Die Netzwerkkarte funzte dann natürlich auf den anderen Steckplatz. *wunder*

Ist jetzt dieser Steckplatz hin?
Und wenn ja, was kann ich tun? Ich brauche doch noch einen! *schnief*

Bitte helft mir....bin da Newbie!

Weiss net mehr...AGP oder PCI?!
Kenn mich da wie gesagt net aus.
Gr33tings

:: dark steel ::


----------



## Thimo Grauerholz (2. Oktober 2001)

erstmal werfe einen blick in deinem motherboard - handbuch.
In deinem Handbuch steht genau, was und wo ein AGP/PCI oder ISA Steckplatz ist.
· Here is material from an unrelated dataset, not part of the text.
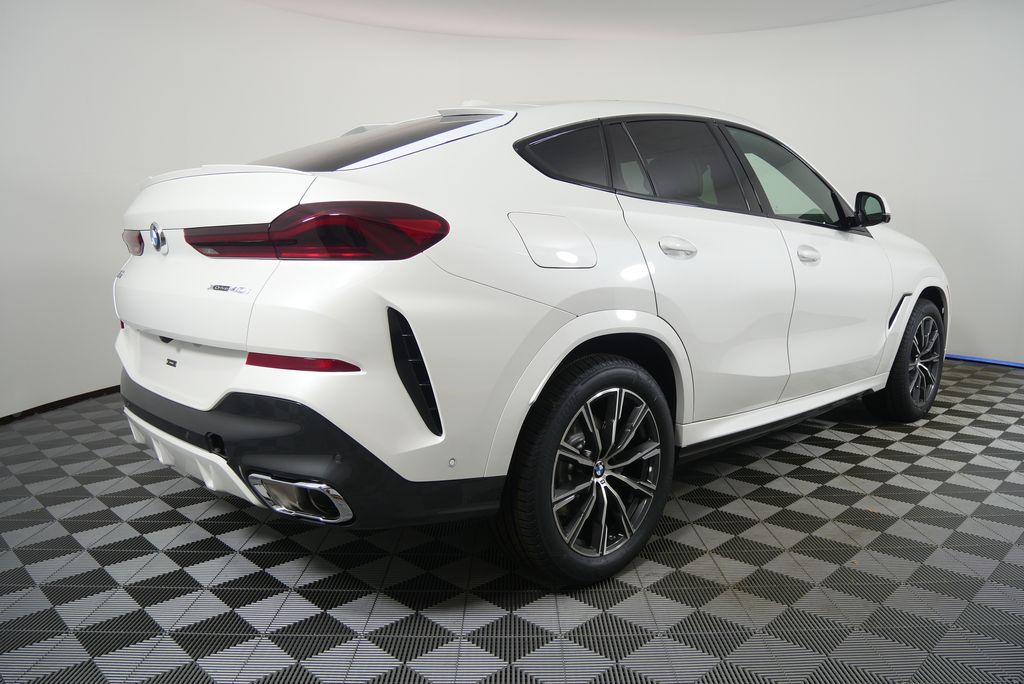 Thumbnail: 2026 BMW X6 - 3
dann schaue nach ob du eine pci oder isa netzwerkkarte hast. (*G* und schalte deinen pc aus bei dem einbau, dann kommt dabei auch kein schwarzert bildschirm)


----------



## dark steel (3. Oktober 2001)

*@ ttrek*

Okay, also so doof bin ich nun auch wieder net.

Also das man den Computer dafür ausschalten muss, ist mir klar. *lol*
Also, der Steckplatz ist ein PCI Steckplatz.
Meine Netzwerkkarte ist natürlich auch ne PCI. *lol*
Hab das Gefühl ich werde verarscht...  

Egal, hatten jetzt n "Freak" da, der hat das irgendwie doch noch hinbekommen.
Im Bios jede Menge rumgeklickt etc. und nu scheints zu gehen.
Trotzdem thx!
Cya


----------



## Thimo Grauerholz (3. Oktober 2001)

hi,
sowieso immer besser, wenn du jemanden im bekanntenkreis hast, der sich damit auskennt, weil ferndiagnosen sind schwer 



> Also das man den Computer dafür ausschalten muss, ist mir klar. *lol*
> Also, der Steckplatz ist ein PCI Steckplatz.
> Meine Netzwerkkarte ist natürlich auch ne PCI. *lol*


ähm nein, könnte ja sein. kann ja nicht hellsehen *G*


----------



## dark steel (4. Oktober 2001)

*Jo...i think the same*

*Hi !* 

jo das Stimmt.
Man kann sich ja nicht für alles interessieren und vorallem alles wissen. Ist mir immer lieber, wenn das jemand anders macht. *g*



> ähm nein, könnte ja sein. kann ja nicht hellsehen *G*


*lol* Stimmt auch wieder...
Danke nochmals...
Cya


----------



## Rene (6. Oktober 2001)

@TTrek

Ich möchte dich sehen wie du eine ISA-Karte in einen PCI-Slot steckst oder vice versa! Seltsamer Beitrag eines Mods.?

@dark steel

Bei schwarzem Bildschirm nach installation neuer Hardwarekomponenten immer den Sitz von Rams, CPU und allen anderen Steckkarten schauen!


René


----------



## Thimo Grauerholz (6. Oktober 2001)

@Rene
ähhhhhhhhhhhhhhhhhhhhhhhhhhhhhhhm soll das ne anspielung sein?
wenn du so allwissend bist, wieso hast du nicht geantwortet?
mal wieder eine überflüssige antwort von dir.


----------



## Rene (7. Oktober 2001)

> _Original geschrieben von TTrek _
> *@Rene
> ähhhhhhhhhhhhhhhhhhhhhhhhhhhhhhhm soll das ne anspielung sein?
> wenn du so allwissend bist, wieso hast du nicht geantwortet?
> mal wieder eine überflüssige antwort von dir. *



- Anspielung worauf?

- Hab doch geantwortet und allwissend wäre ich gerne!

- Dann poste ich halt nix mehr!

(Wenn du dich angegriffen fühlst, dann tut es mir Leid, dachte du könntest Spaß verstehen. Aber ne ISA-Karte in einen PCI-Slot....hhmmm?  Nimm nicht alles so schrecklich ernst.  )


René


----------